Jerman: Growth Active Cases (exponential and polinomial regression equation with orde 5th), Total Deaths (quadrat and polinomial regression equation with orde 5th).
Active cases in Germany are high, but total deaths are low (0.18%). Because of the government Germany moved quickly to carry out initial testing and then quarantine those who tested positive Covid-19, and better medical equipment. In addition, the majority of residents are over 60 years old, but most of those infected are aged 20-50 years.
Australia: Growth Active Cases (exponential and polinomial regression equation with orde 5th), Total Deaths (quadrat and polinomial regression equation with orde 5th).
Active Cases and Total deaths in Australia are relatively low. This is because the country of Australia has quite a large area although it has a large population, resulting in density of the population is low. Apart from that, in Australia there is also a local lockdown.

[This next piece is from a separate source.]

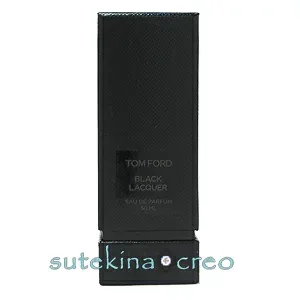 訳あり トム フォード ブラック ラッカー EDP スプレィ 50ml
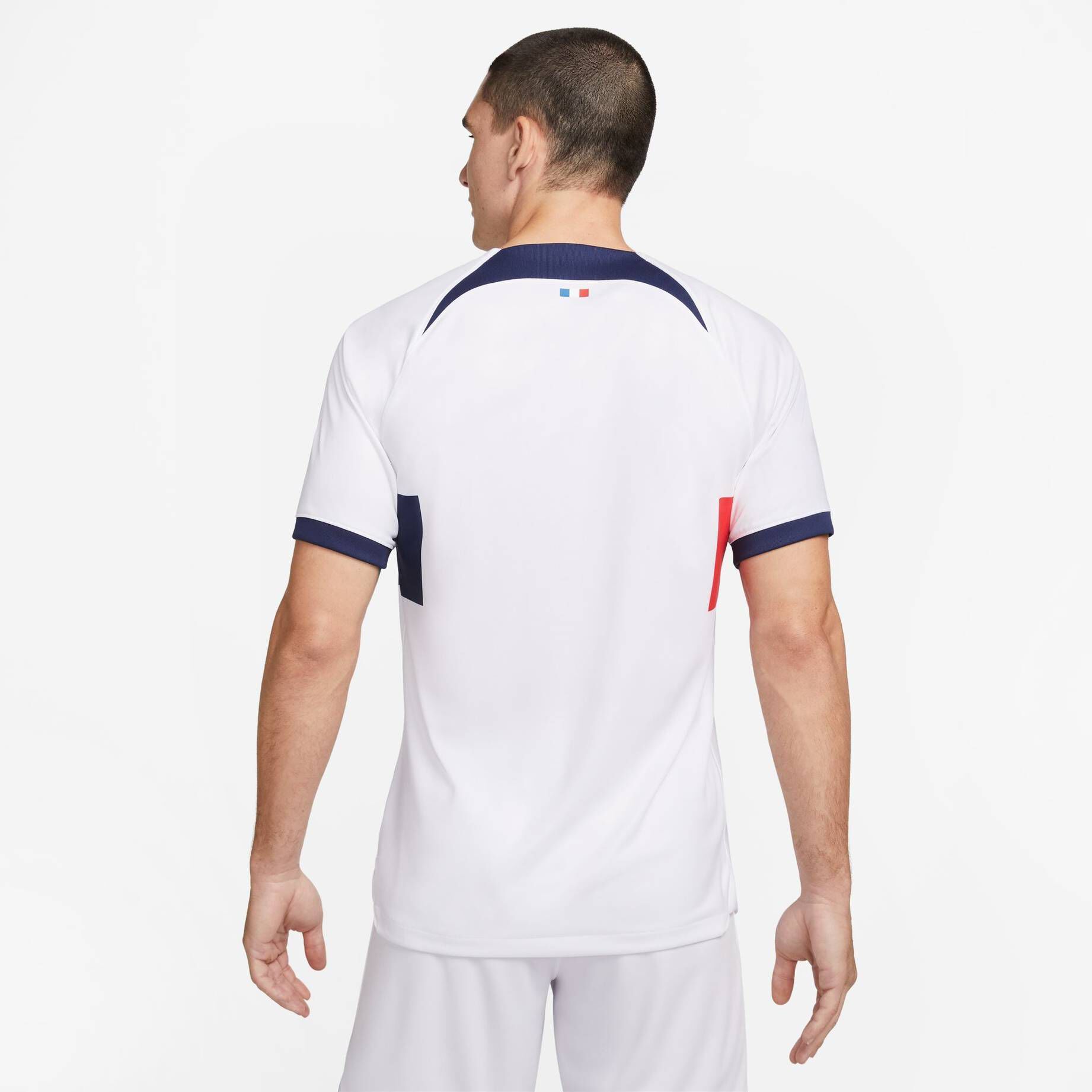 Nike| Herren Fußballtrikot Auswärtstrikot PARIS SAINT-GERMAIN 2023/24 STADIUM AWAY M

Amerika Serikat: Growth Active Cases (exponential and polinomial regression equation with orde 5th), Total Deaths (exponential and polinomial regression equation with orde 5th).
Cases in the United States are very high due to several factors. These factors including failed social distancing policies, limited PPE, and late lab testing.
Indonesia: Growth Active Cases (exponential and polinomial regression equation with orde 6th), Total Deaths (quadrat and polinomial regression equation with orde 6th).
Active Cases in Indonesia are increasing exponentially, while Total Deaths are increasing quadratically. In fact, Indonesia is the country that was recently infected with Covid-19, Indonesia should have taken greater anticipation. This increase is due to infection testing is still small. Apart from that, Indonesia did not impose a lockdown and lack of handling. So the recovery rate in Indonesia is small, while the level high mortality.
The regression approach that is closest to the growth of Active Cases in Indonesia is exponential with the equation y = 1.2898e0.2815x. Then, the closest regression approach to Total Deaths in Indonesia is quadratic with the equation y = 0.00001x4.9203. Based on the data analysis and regression approach, Spain also has the same regression curve approach, for the growth of Active Cases is exponential with the equation y = 7.3809e0.3038x. Whereas for Total Deaths approached by quadratic with the equation y = 0.0000004x6.6710. Therefore, Spain is most similar to the situation in Indonesia for Active Cases and Total Deaths due to coronavirus.
NB: The images above are just a few sample plots.